What this task involves: The lines running from the one that contains "ChemSpider 2D Image" to the end of the records below are what to reproduce, exactly and without pictures.

Information given:
-----

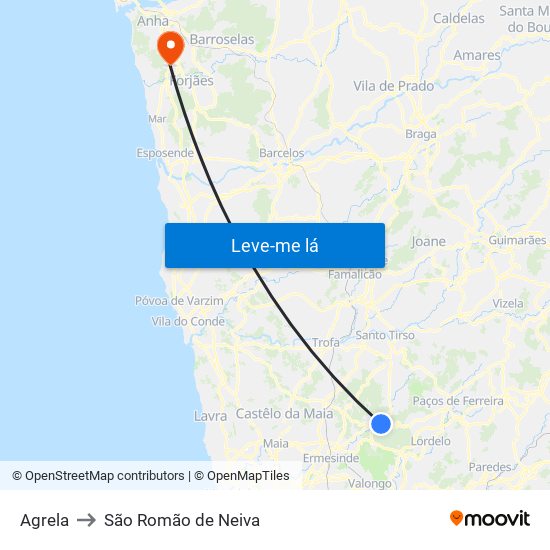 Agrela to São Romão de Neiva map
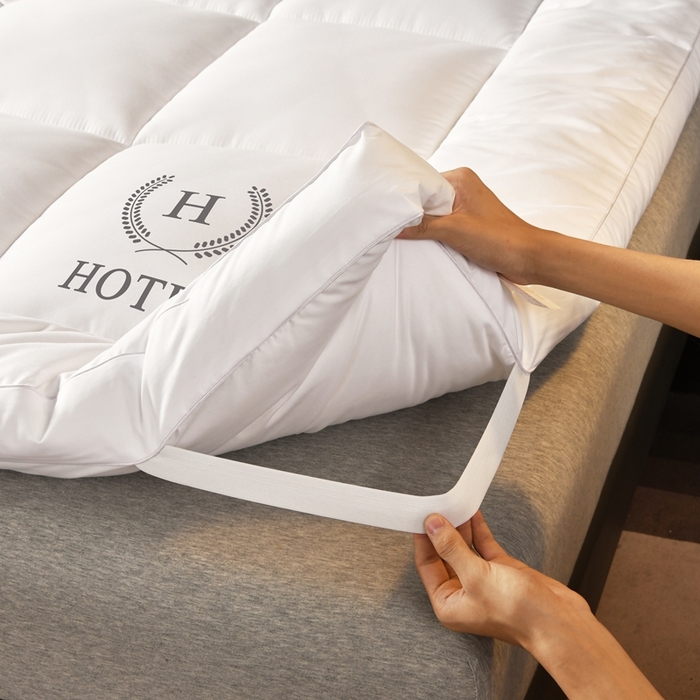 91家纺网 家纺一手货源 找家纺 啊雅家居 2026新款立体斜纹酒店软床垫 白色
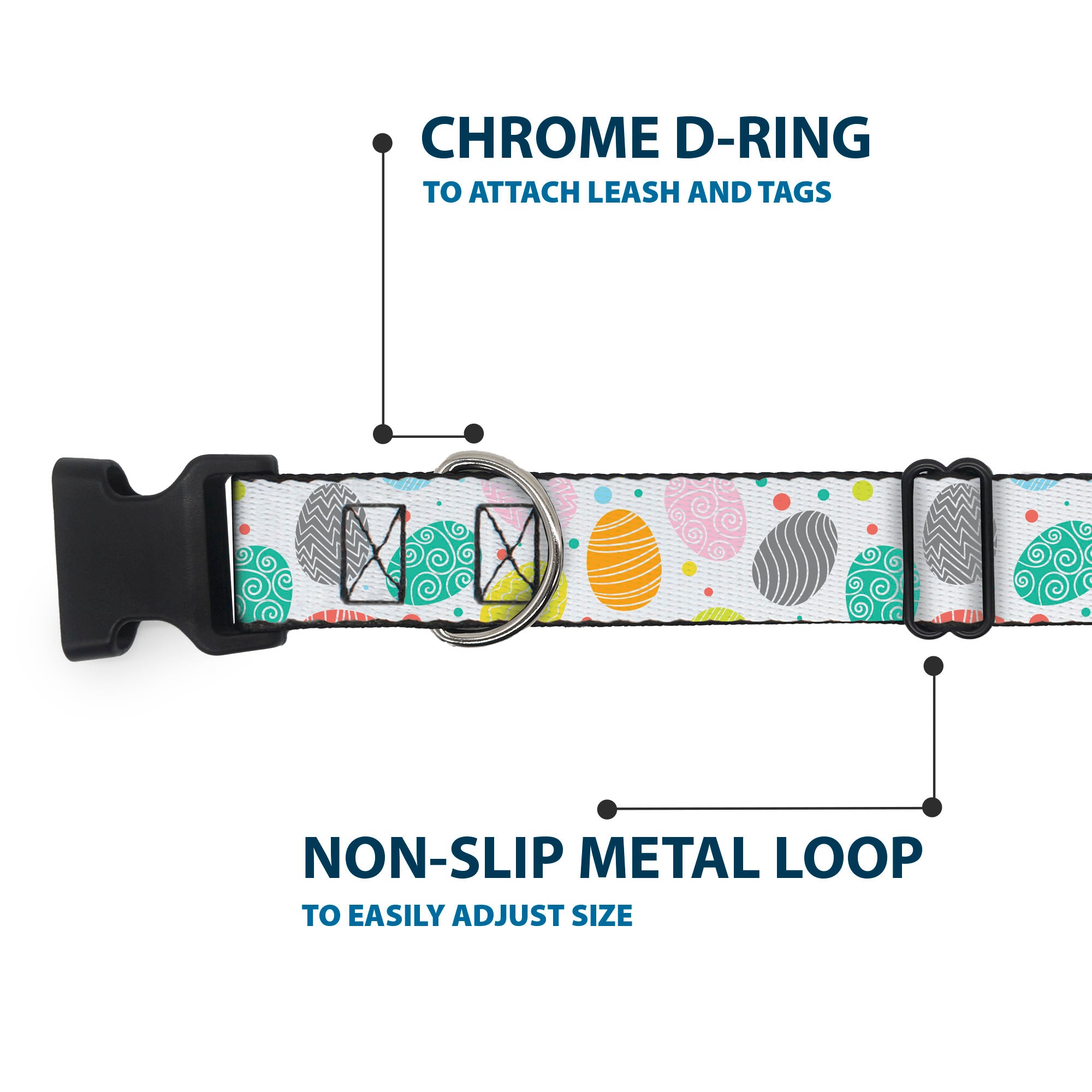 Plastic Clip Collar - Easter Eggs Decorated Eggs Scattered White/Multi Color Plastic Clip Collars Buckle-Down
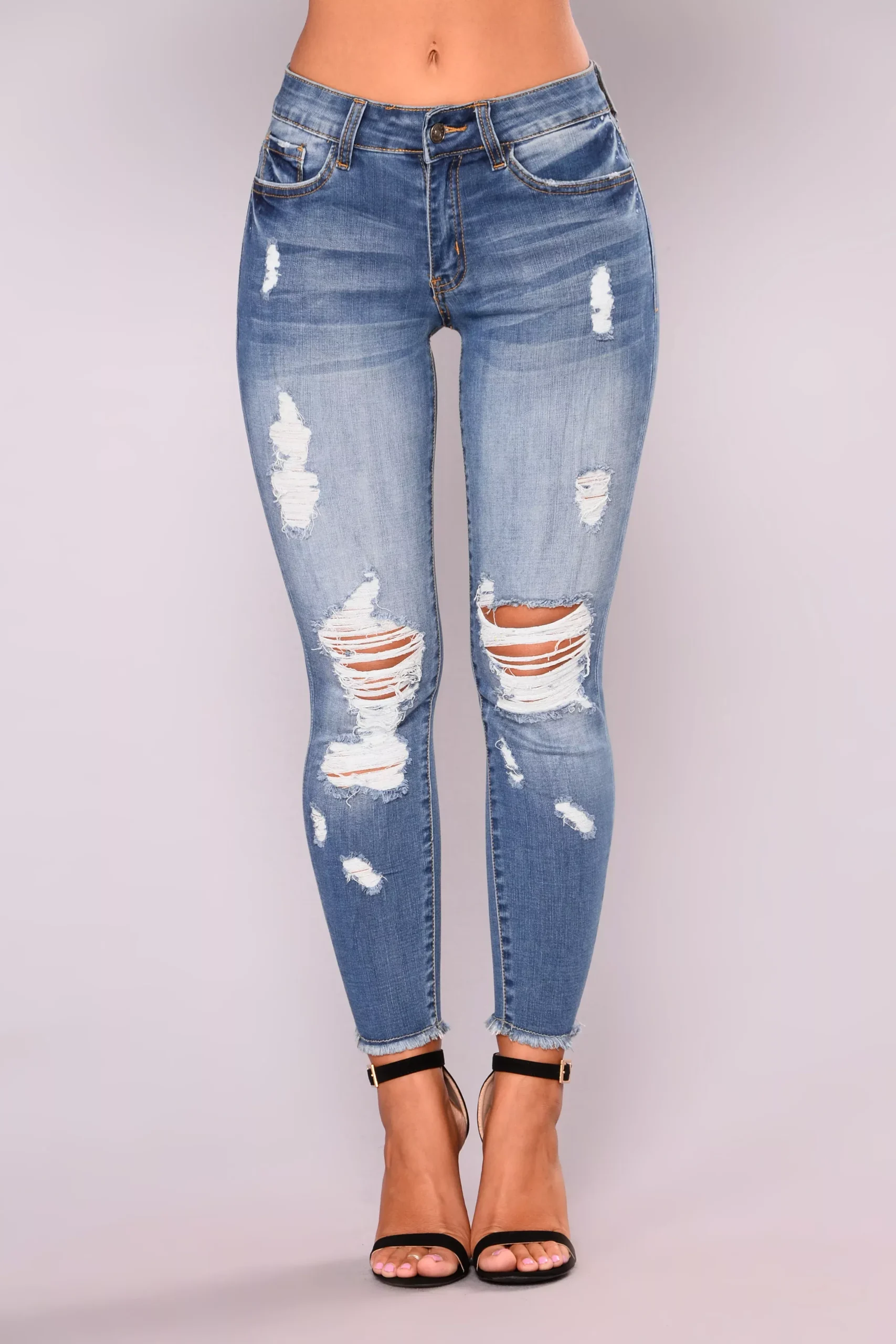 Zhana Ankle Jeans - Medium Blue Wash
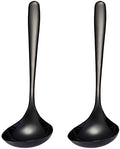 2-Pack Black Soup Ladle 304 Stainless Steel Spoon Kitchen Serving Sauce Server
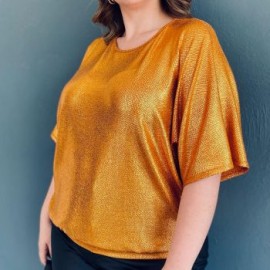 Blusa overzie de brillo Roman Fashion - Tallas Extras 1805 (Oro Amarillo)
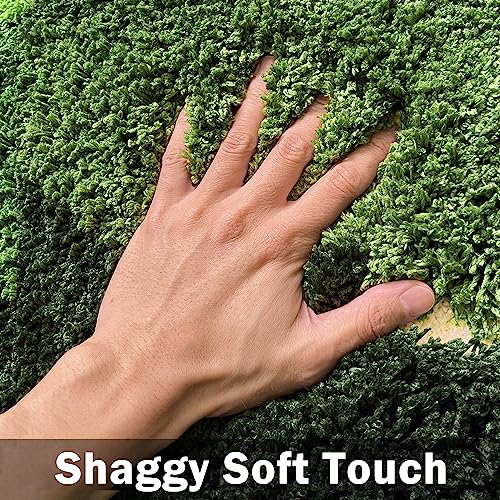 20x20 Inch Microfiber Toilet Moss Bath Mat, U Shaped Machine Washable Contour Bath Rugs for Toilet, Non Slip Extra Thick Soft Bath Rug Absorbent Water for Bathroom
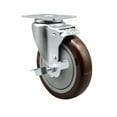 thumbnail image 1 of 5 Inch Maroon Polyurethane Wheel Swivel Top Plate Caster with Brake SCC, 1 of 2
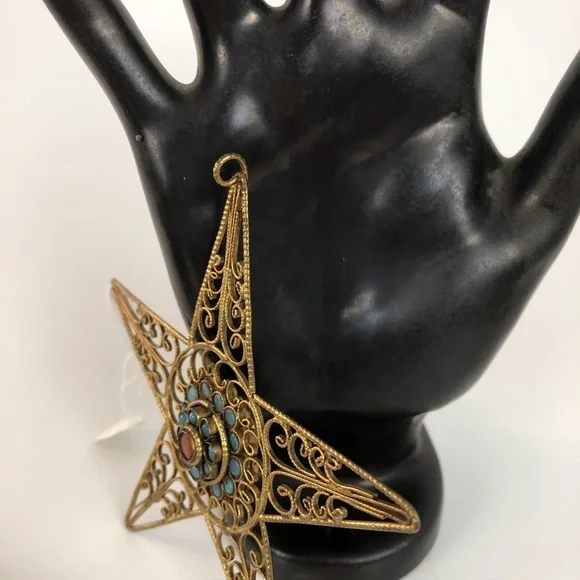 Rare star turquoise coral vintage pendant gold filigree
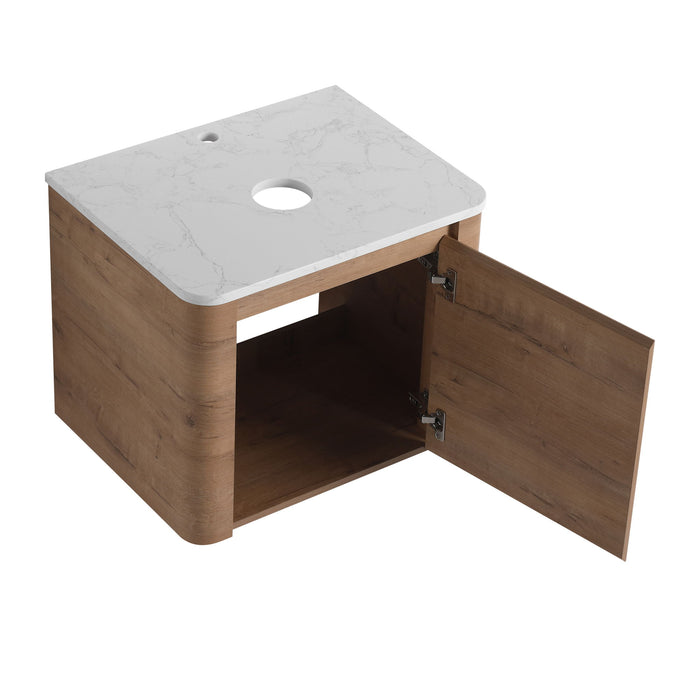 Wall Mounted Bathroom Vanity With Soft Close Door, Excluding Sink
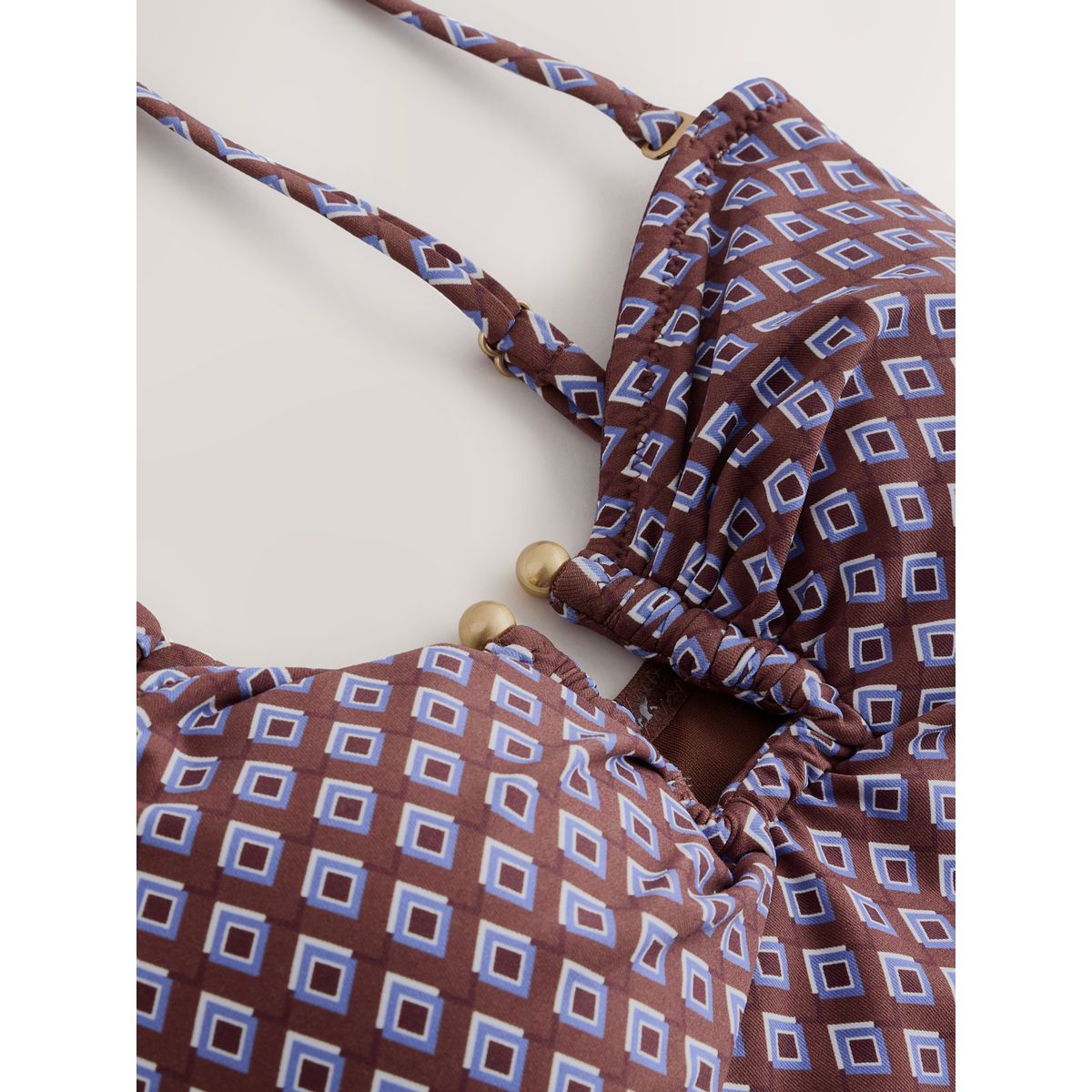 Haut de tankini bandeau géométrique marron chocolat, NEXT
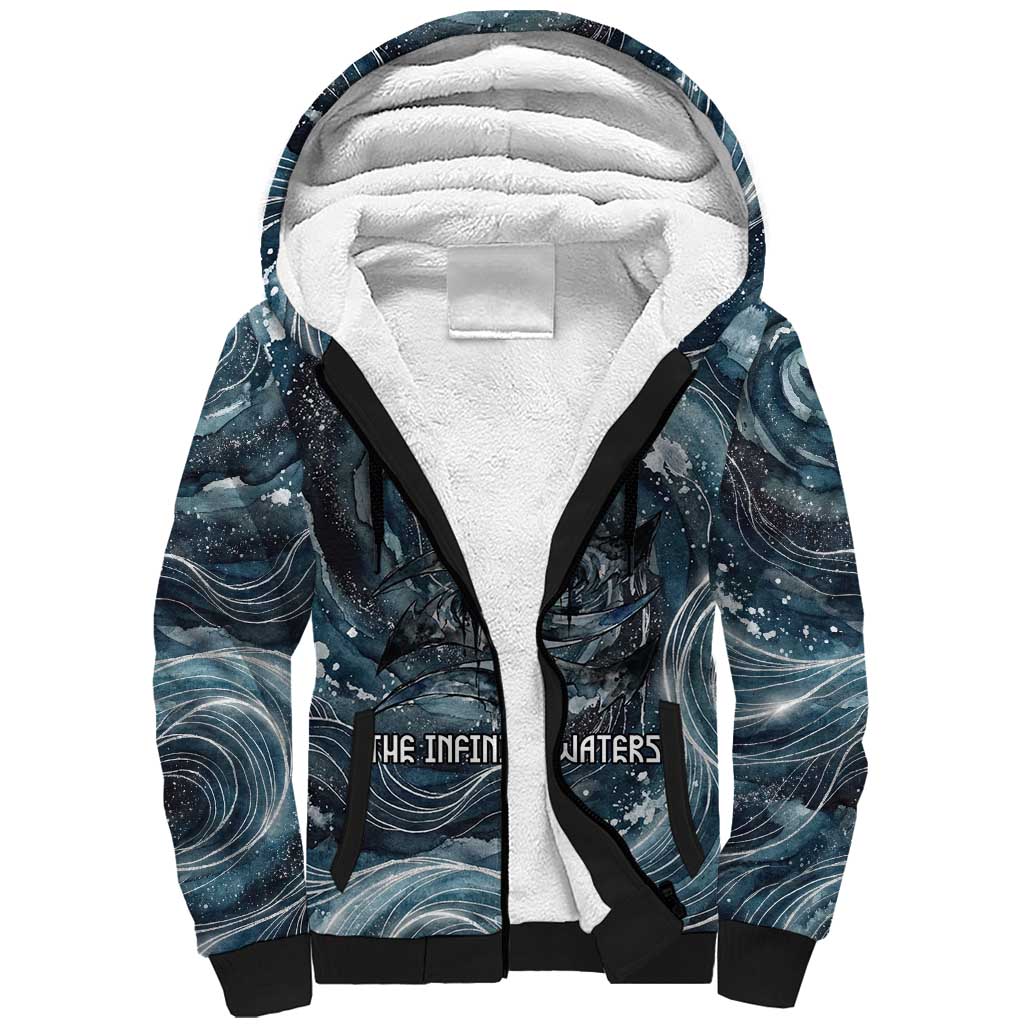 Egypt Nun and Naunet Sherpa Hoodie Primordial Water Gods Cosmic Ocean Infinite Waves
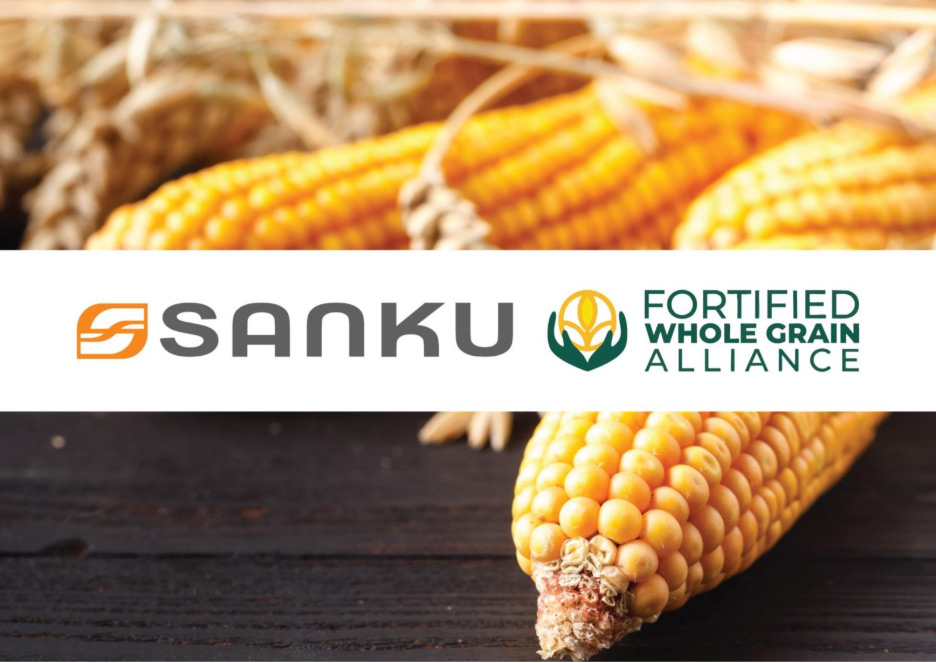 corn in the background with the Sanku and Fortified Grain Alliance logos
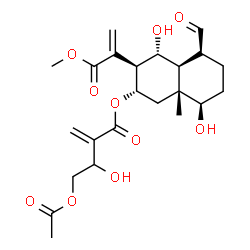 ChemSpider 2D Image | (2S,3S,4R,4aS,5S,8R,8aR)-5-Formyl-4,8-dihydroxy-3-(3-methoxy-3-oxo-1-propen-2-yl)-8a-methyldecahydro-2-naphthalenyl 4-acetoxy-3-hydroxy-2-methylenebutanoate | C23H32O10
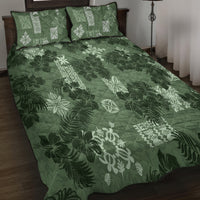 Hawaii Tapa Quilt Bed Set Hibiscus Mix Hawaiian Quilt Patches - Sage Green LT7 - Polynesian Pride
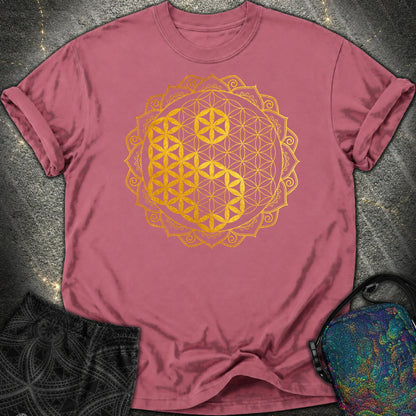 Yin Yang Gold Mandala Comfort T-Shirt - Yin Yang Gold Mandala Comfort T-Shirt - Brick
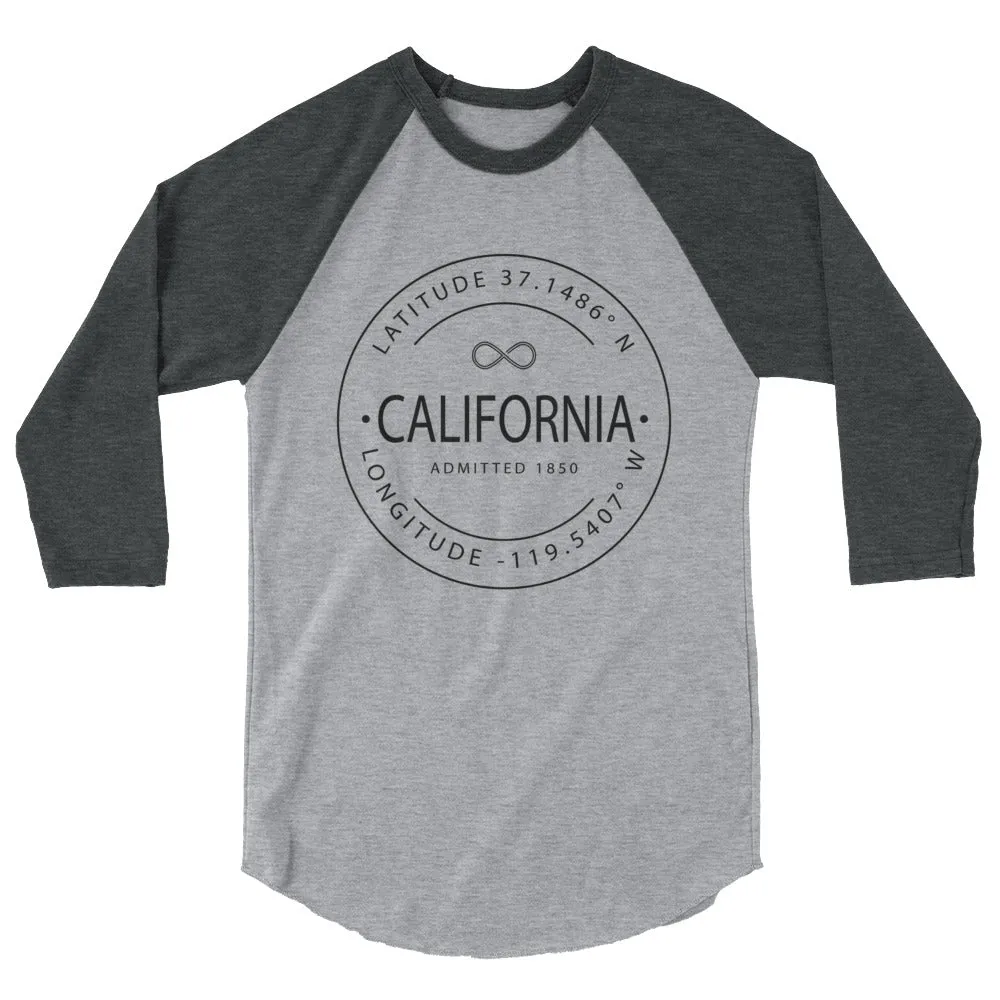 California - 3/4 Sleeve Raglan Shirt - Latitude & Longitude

-----

The answer:
 ChemSpider 2D Image | (2S,3S,4R,4aS,5S,8R,8aR)-5-Formyl-4,8-dihydroxy-3-(3-methoxy-3-oxo-1-propen-2-yl)-8a-methyldecahydro-2-naphthalenyl 4-acetoxy-3-hydroxy-2-methylenebutanoate | C23H32O10
 Hawaii Tapa Quilt Bed Set Hibiscus Mix Hawaiian Quilt Patches - Sage Green LT7 - Polynesian Pride
 Yin Yang Gold Mandala Comfort T-Shirt - Yin Yang Gold Mandala Comfort T-Shirt - Brick
 California - 3/4 Sleeve Raglan Shirt - Latitude & Longitude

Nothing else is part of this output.